Purchased in June w/23k miles and as per usual, LED's are typically a must. Installed Underground Lighting (UL) LED's with built-in resistor/fan front/rear and instantly received hyperflash. Used Forscan to disable bulb outage, fronts good, but rears came back with a B132B-11/12 Stop/Turn Lamp: Circuit Short to Ground. Install incandescent bulbs, works normal, reset codes.
Contacted UL and Danny sent replacements. Received same result. Re-install incandescent, works normal, reset codes. He's certain that there's a problem with the vehicle.
Purchased/installed Morimoto's, received same result. Purchased plug-n-play load resistors, and got erratic results. Flip them 180deg and still out of whack. Re-install incandescent, works normal, reset codes. Speak w/Mori rep while acquiring RA and he assures me that full housings will work fine w/o issue. Unfortunately, price is too much of a deterrent.

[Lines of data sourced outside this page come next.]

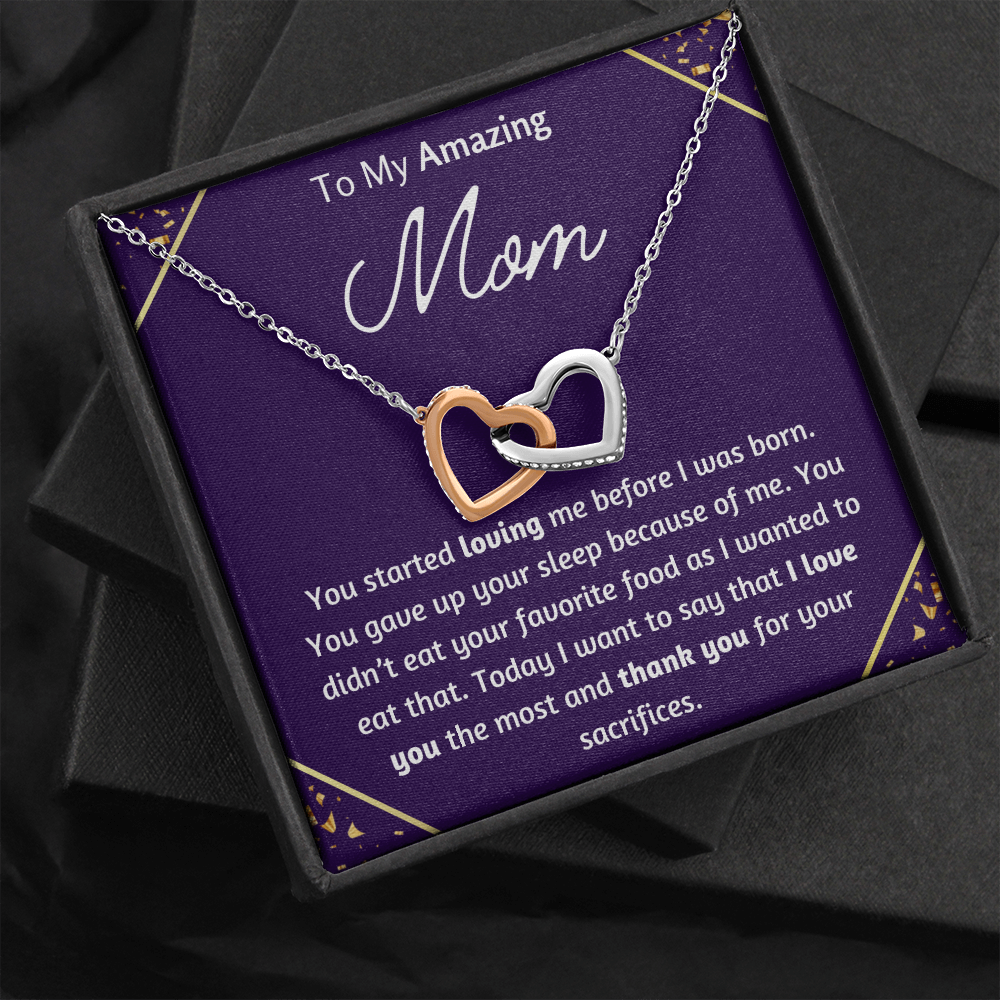 To My Amazing Mom Interlocking Hearts Necklace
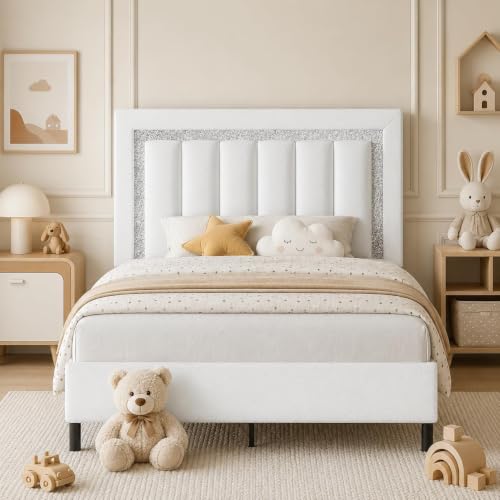 HOMBCK Twin Bed Frames for Kids with Faux Leather Upholstered Headboard HOMBCK Twin Bed Frames for Kids with Faux Leather Upholstered Headboard - Image 1
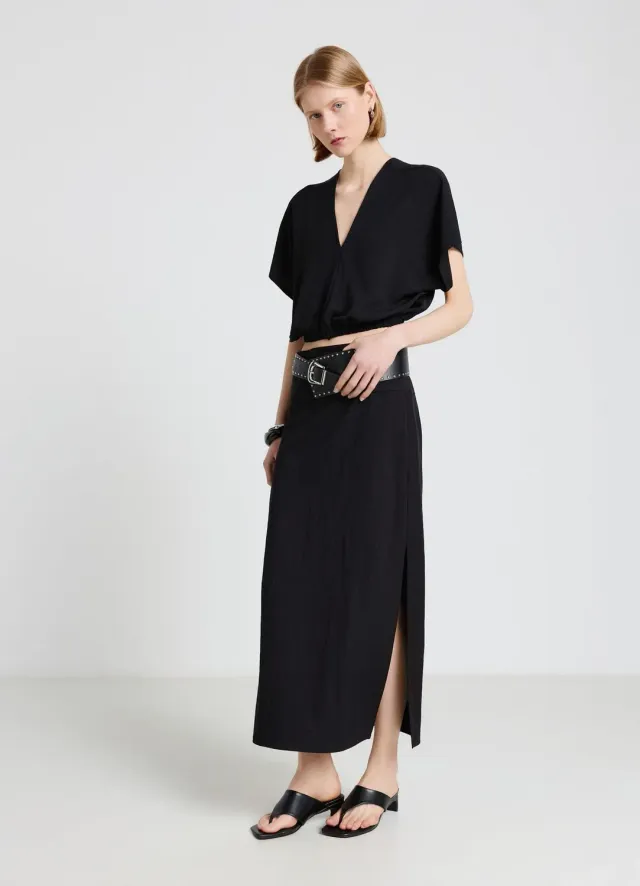 Calliope blouse col V manches chauve-souris femme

Decide that sticking with OEM is the only option at this point and drive for a few months until Black Friday sales entice me enough to try full Morimoto housings, not just bulbs. They work as advertised and alleviate BCM concerns. The assemblies are extremely nice but didn't like the smoke color and definitely didn't care for the way they stuck out (bulged) over an inch past the body. Probably fine on a Raptor, but not to my liking on regular body lines. Plus, the price of entry was a bit much as well, even after the 20% discount.
After further forum research, decide to check/clean/replace all grounds, apply electric grease (NOT dielectric) on all contact points and attempt to give the UL's another go. Thought I had found the smoking gun, bad grounds, as everything was working great. Unfortunately, this was short lived and went back to failing after starting the engine. That's the really weird part; worked fine engine off and failed with engine running...?
Purchase a pricier set of plug-n-play load resistors, gave them a-go with the UL's yesterday, and they were even further out of whack with one bulb illuminating one LED on each panel and others illuminating three (parking vs braking). Flip 180deg and some went out completely.
That's the 4-5 month snapshot and at this point, I've pretty much given-in to the fact that I'm stuck running incandescent bulbs in the rear.
The engine on/off findings really got me confused/baffled and welcome educated inputs on this scenario.
Last edited by koach; Dec 15, 2024 at 09:53 AM.
Reason: correction
My apologies.
It's a 5-month snapshot of what I had done to get rear LED bulbs to function w/o hyperflashing while only conveying what worked and what didn't work.
Was hoping a tech or someone knowledgeable would be able to chime-in and provide educated guidance and thus, eliminating the typical 'do this/do that' with Forscan, better bulbs, load resistors etc... when all had already been attempted in various configurations. No offense, but this seems to be a very common trend on forums.
The 'worked fine' with engine off, but failed with engine on was the real kicker in all of this nonsense.
Sold my 2011 XLT. But not before restoring taillights to OEM incandescent. Thought I could use these Diode Dynamics bulbs, and the resistors on a cargo trailer. But they won’t fit. Resistors are 100 watt, 6 ohm, oversized for the load, never get warm. Got resistors from EBay.
These DD LEDs are redder and brighter than OEM. No hyper flash with resistors either. Might try them.
2024 402a 3.5l
Last edited by Barry_Vee; Feb 2, 2025 at 04:07 PM.